EXERCISE BRIEF: Exact transcription with no images: write out all of the entries below.

MATERIAL SHOWN:
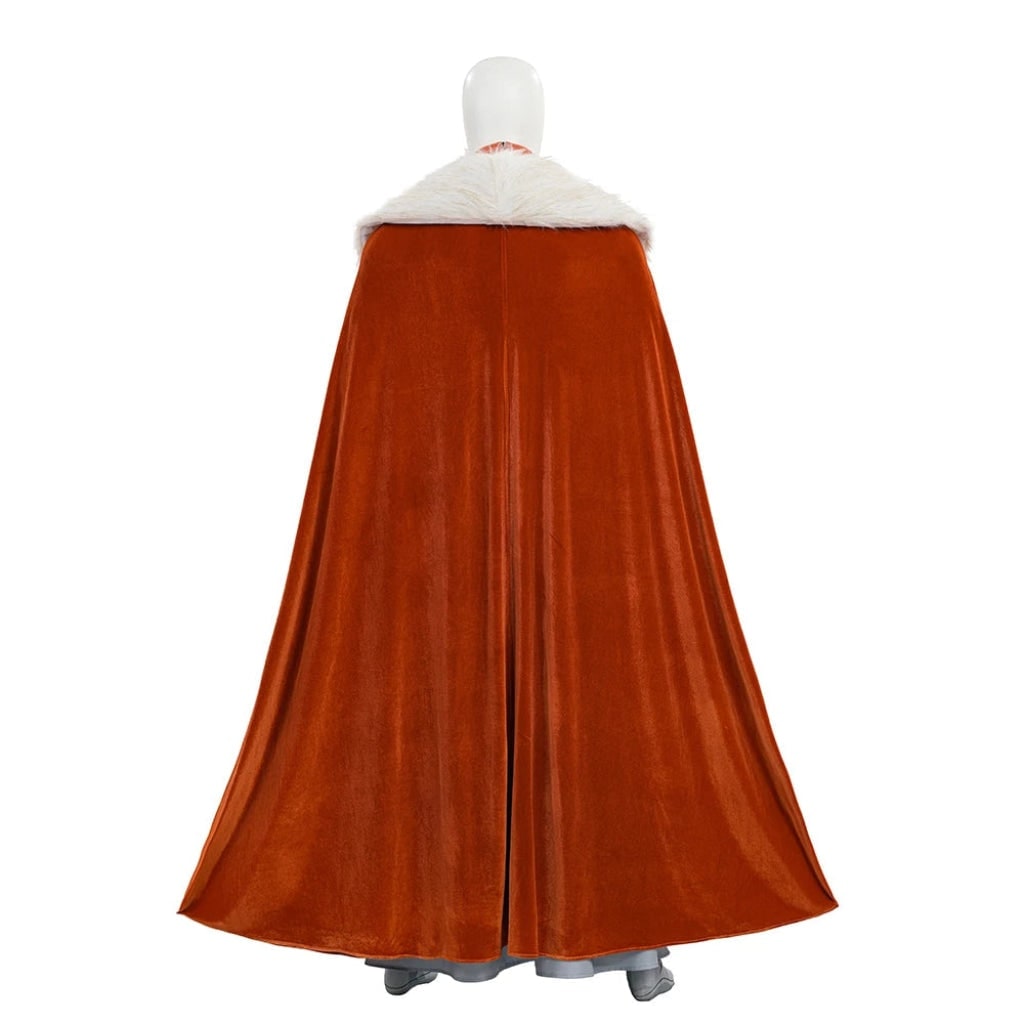 Halloween Cosplay Costume Set with Sci-Fi Armor Print Skirt and Cape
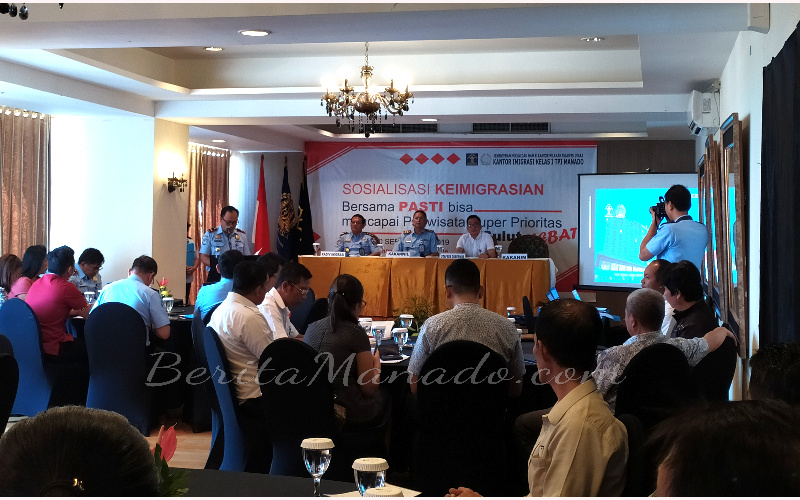 Dukung Pariwisata, Kantor Imigrasi Kelas I TPI Manado Gelar Sosialisasi Keimigrasian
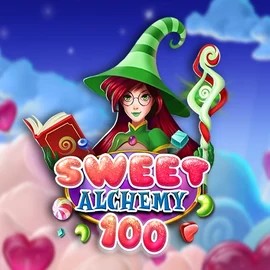 Official Slots logo: Sweet Alchemy 100 by Play'n GO at Fugu Casino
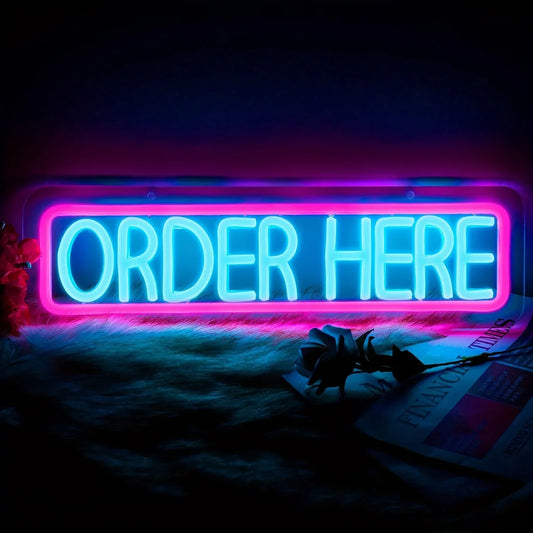 Order Here Neon Sign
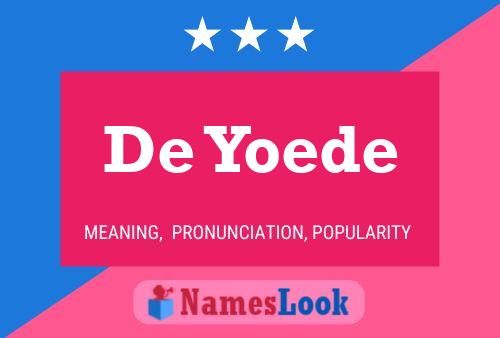 ملصق اسم De Yoede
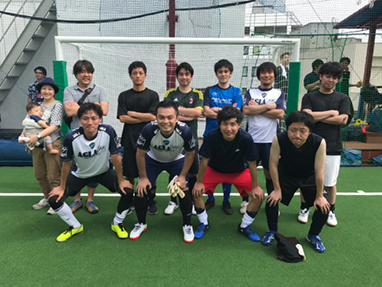 フットサルサークルメンバー集合写真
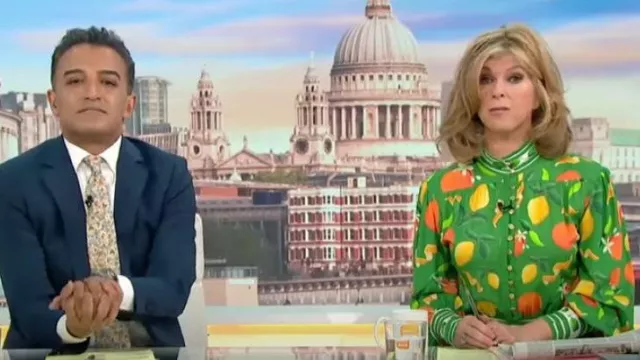 Bonita Collective The Zesty Garnish Dress worn by Kate Garraway as seen in Good Morning Britain on April 28, 2023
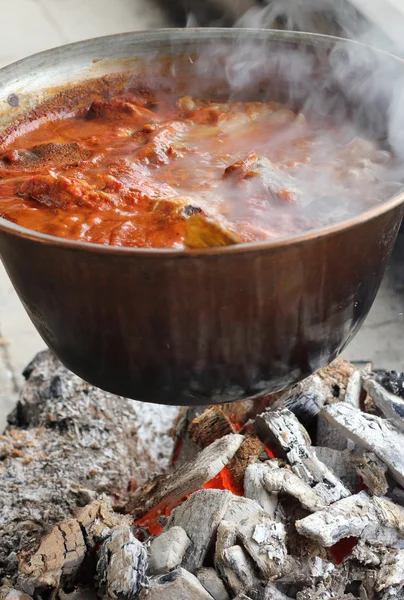 stock image Cooking Fish Soup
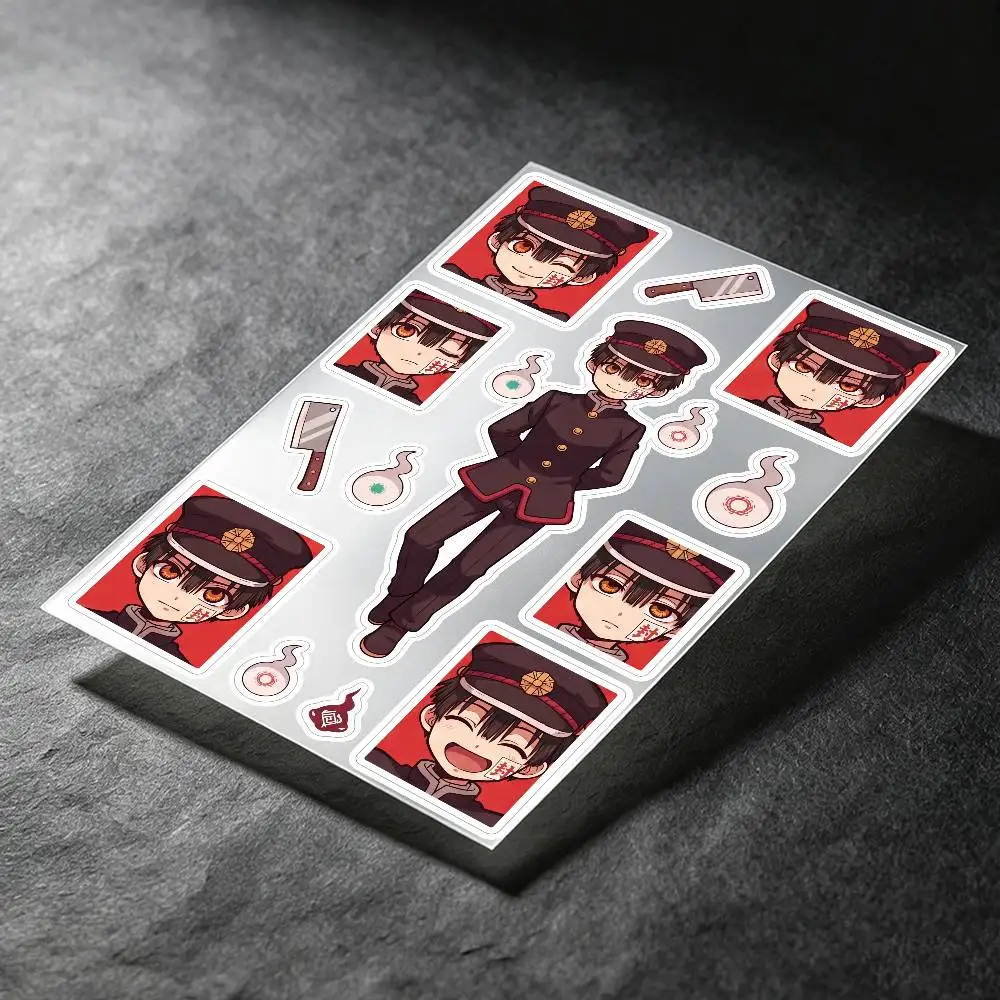 Toilet Bound Hanako Kun Stickers Auto Body Bumper Windows Motorcycle Laptop Walls Vinyl Decal Car Tuning Accessories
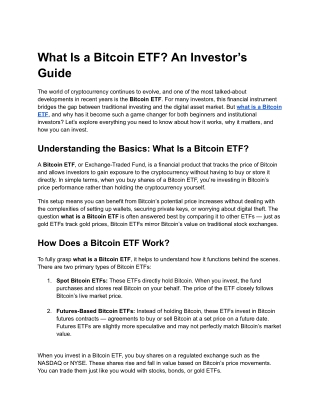 What Is a Bitcoin ETF_ Zavros Network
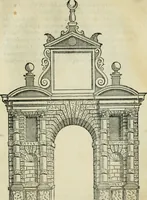 An illustration from Libro estraordinario di Sebastiano Serlio bolognese : nel quale si dimostrano trenta porte di opera rustica, mista con diuersi ordini, & uenti di opera dilicata di diuerse specie : con la scrittura dauanti, che narra il tutto (1566)
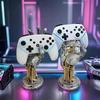 Futuristic Punk Mechanical Hand Resin Stand Storage Holder for Gaming Controllers Multiplatform Compatibility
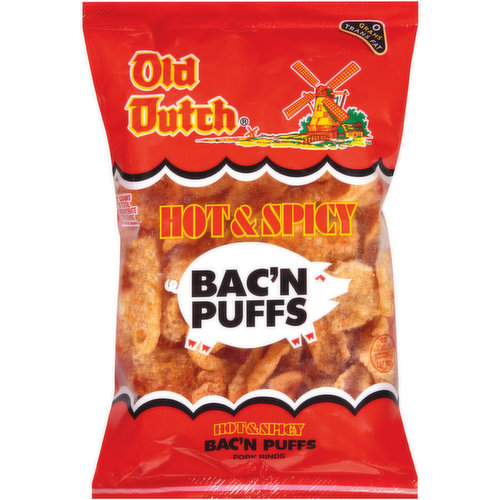 Old Dutch Hot N' Spicy Bacon Puffs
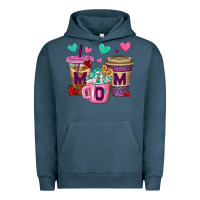 Pigment Midnight Navy Western Mom Coffee Cups Urban Hoodie - BundleAndBundleShop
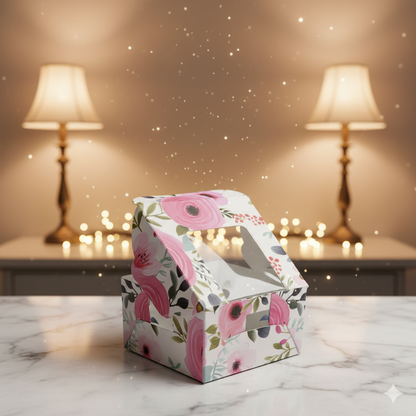 Flower box : 4 x 4 x 2 inch (pack of 10 pcs) MQ003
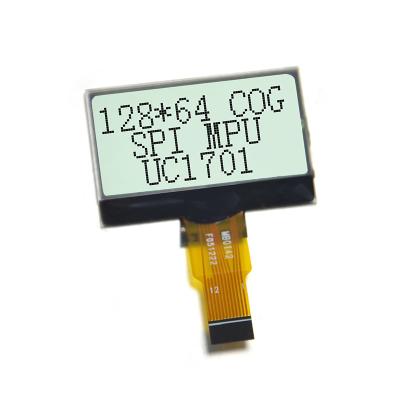 China ready to ship 128x64  Lcd Display  Module t monochrome cog led module graphic 33.0(L) x 22.2(W) x 1.8(T) for sale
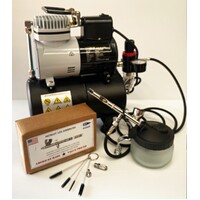 Airbrush & Compressor Kit - Badger Patriot Start-up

SOLUTION:
 Halloween Cosplay Costume Set with Sci-Fi Armor Print Skirt and Cape
 Dukung Pariwisata, Kantor Imigrasi Kelas I TPI Manado Gelar Sosialisasi Keimigrasian
 Official Slots logo: Sweet Alchemy 100 by Play'n GO at Fugu Casino
 Order Here Neon Sign
 ملصق اسم De Yoede
 フットサルサークルメンバー集合写真
 Bonita Collective The Zesty Garnish Dress worn by Kate Garraway as seen in Good Morning Britain on April 28, 2023
 stock image Cooking Fish Soup
 Toilet Bound Hanako Kun Stickers Auto Body Bumper Windows Motorcycle Laptop Walls Vinyl Decal Car Tuning Accessories
 What Is a Bitcoin ETF_ Zavros Network
 An illustration from Libro estraordinario di Sebastiano Serlio bolognese : nel quale si dimostrano trenta porte di opera rustica, mista con diuersi ordini, & uenti di opera dilicata di diuerse specie : con la scrittura dauanti, che narra il tutto (1566)
 Futuristic Punk Mechanical Hand Resin Stand Storage Holder for Gaming Controllers Multiplatform Compatibility
 Old Dutch Hot N' Spicy Bacon Puffs
 Pigment Midnight Navy Western Mom Coffee Cups Urban Hoodie - BundleAndBundleShop
 Flower box : 4 x 4 x 2 inch (pack of 10 pcs) MQ003
 China ready to ship 128x64  Lcd Display  Module t monochrome cog led module graphic 33.0(L) x 22.2(W) x 1.8(T) for sale
 Airbrush & Compressor Kit - Badger Patriot Start-up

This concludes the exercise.